While advocating for change, the UAHC Task Force on Lesbian and Gay Inclusion realizes that the issue of same-sex commitment ceremonies will, indeed, take time to be fully accepted. Notes Rabbi Julie Spitzer, regional director of the New York Federation on Reform Synagogues and staff director of the Task Force: "While the Task Force members are strong advocates for the full and uncompromising integration of lesbian and gay individuals and families in all aspects of synagogue life, we spent considerable time discussing the issue of how strongly to advocate for kiddushin in our new manual, 'Kulanu-A Program To Include Lesbian and Gay Jews in Our Temples.' Ultimately, we agreed to acknowledge rabbinic authority in ritual matters and to encourage clergy and lay leaders to thoroughly examine the issue in light of Reform Jewish teachings. It was a difficult compromise, but ultimately an important recognition that the task of studying this issue and guiding our congregants is ongoing."

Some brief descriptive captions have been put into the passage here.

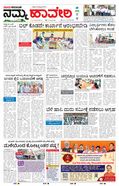 paper-img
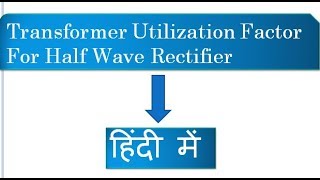 Transformer Utilization Factor for Half Wave Rectifier  हिंदी में [upl. by Rosanna904]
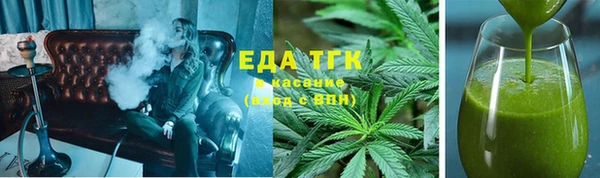 таблы Медногорск
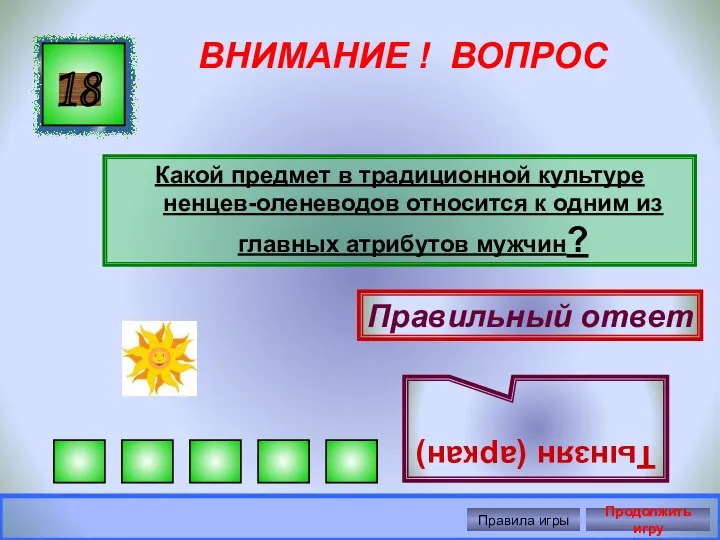 ВНИМАНИЕ ! ВОПРОС Какой предмет в традиционной культуре ненцев-оленеводов относится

Rabbinic Controversy Remains
Reform rabbis remain divided on the kiddushin question. Rabbi Jeffrey Salkin, senior rabbi of Central Synagogue of Nassau County in Rockville Centre, New York, says, "At this time I do not feel comfortable sanctifying those unions. I support, appreciate, even empathize with these couples. But, because of my readings of Jewish history, tradition, theology, and liturgy, I cannot use the word 'sanctify.'

"I tend to be a traditionalist," he adds. "But as a true liberal, I'm not offended by rabbis who take a different view. No one has asked me yet to perform a same-sex ceremony. Although I wouldn't, I suspect I would refer them to someone who would."

Rabbi Ronne Friedman of Temple Beth Zion in Buffalo, New York will participate in same-sex wedding ceremonies, calling his decision "an intuitive response to what ought to be." He views it as a civil rights issue that he expects will not be resolved in the '90s. "I fear it will be the civil rights issue into the next millennium," he says.

Rabbi Michael Stroh of Temple Har Zion in Thornhill, Ontario believes that Reform rabbis should not officiate at same-sex marriage ceremonies but acknowledges that his position is not an easy one for him. "I know and respect colleagues who are gay or lesbian," he says. "Frequently, their positions on Jewish issues are closer to my own. I do not want to cause them pain. I'd like to say that, as a modern person, I accept homosexuality as the equivalent of heterosexuality. But I cannot. I do not believe that this is the case. Nor do I believe that, from a Jewish point of view, heterosexual and homosexual relationships are equivalent. I'm not saying that homosexuals do not have the right to companionship. I am saying that, at this point, I am not prepared to perform a Jewish marriage ceremony."

Congregants, too, have expressed ambivalence about rabbinic officiation at commitment ceremonies for lesbian or gay couples. "I don't care if my rabbi officiates," says one mother of young children, "as long as my children don't know about it." One Reform congregation permits its rabbi to use the sanctuary for commitment ceremonies but will not permit him to call same-sex couples to the Torah, fearing that the family and guests of the Bar/bat mitzvah might be offended.

In his Rosh Hashanah morning sermon last year, Rabbi Jerome Davidson disputed the notion that same-sex marriage offends family values. "First," he pointed out, "it provides an option for gays other than a life of loneliness, of hiding, that is true to their real identities. Second, they can create a truly Jewish home together, live Jewish lives, and, if they choose, raise Jewish children. Finally, a gay and lesbian union can be an instrument of reconciliation among children, their parents, and their siblings. Having been kept apart by years of continuing fear, stigma, and ridicule, they can come home again."